HALIFAX — When award-winning P.E.I. singer-songwriter Lennie Gallant strode onto the stage of the Rebecca Cohn Auditorium here Saturday night and plugged in his guitar, the first song on his set list was supposed to be Tell Me A Ghost Story.
That’s what it said in the program.
But the events of the last few days have weighed on the mind of the Rustico native.
So, instead, Gallant kicked off his set at A Sound Celebration With Symphony Nova Scotia with a rousing version of Stompin’ Tom Connors’ Bud The Spud that brought the crowd to its feet.
He then delivered the three songs on his scheduled set list, the aforementioned Tell Me A Ghost Story, a beautiful new song called God’s Reply and the East Coast classic Peter’s Dream, which pretty much brought the house down.

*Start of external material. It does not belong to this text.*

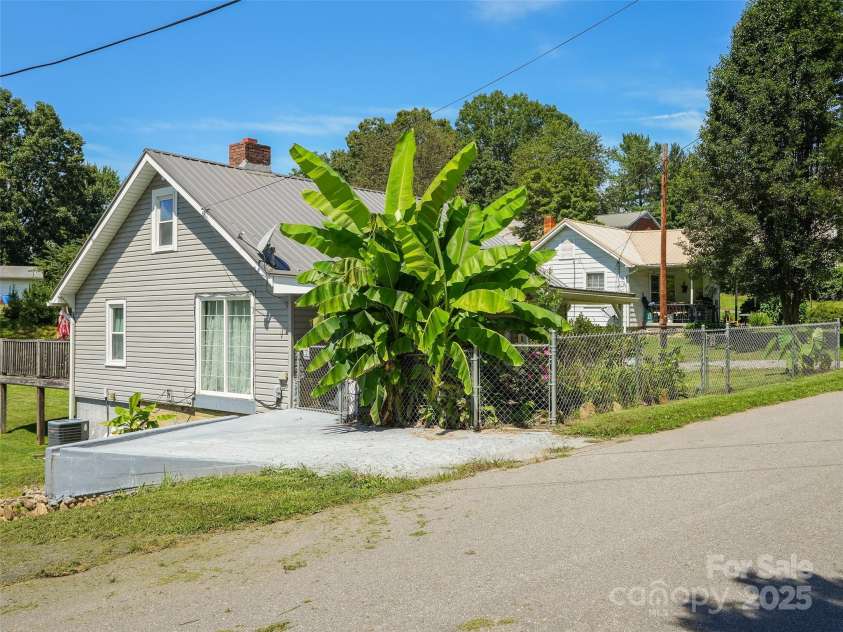 177 Dewey Avenue, Canton, NC 28716.  MLS# CAR4297479, YatesRealty ID 527.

Peter’s Dream has been named one of the top 10 East Coast songs of all time by voters in a just completed CBC radio poll.
Gallant joked that even if a better song came along now, he would still have one of the top 10 East Coast songs of all time because the list is now closed.
“You can’t bump me off the list.”
Not even if you wrote a lovely little song about a cottage by the sea in P.E.I. like the one Senator Mike Duffy lives in part of the year, he said, tongue in cheek, to the delight of his audience.
Gallant shared Saturday night’s stage with a diverse mix of East Coast artists that included Halifax soul/R&B singer Cyndi Cain, Newfoundland and Labrador folk duo Ennis, electro hip-hop band Radio Radio from Moncton, Cape Breton piper Ian McKinnon and the grande dame of East Coast music, Rita MacNeil.
Each of these artists brought something special to the mix.
Cain, with her powerful pipes and gospel-infused style, made you want to get our of your seat and shake your tailfeathers.
Ennis, with their emotionally powerful ballads and rousing folk songs about the changing face of Newfoundland and Labrador, gave me goose bumps.
Radio Radio’s vocal aerobics and constant interplay were energizing and hugely entertaining.
McKinnon took many back to their Celtic roots with a virtuoso performance on the pipes of the Ceilidh movement from the MacKinnon’s Brook Suite.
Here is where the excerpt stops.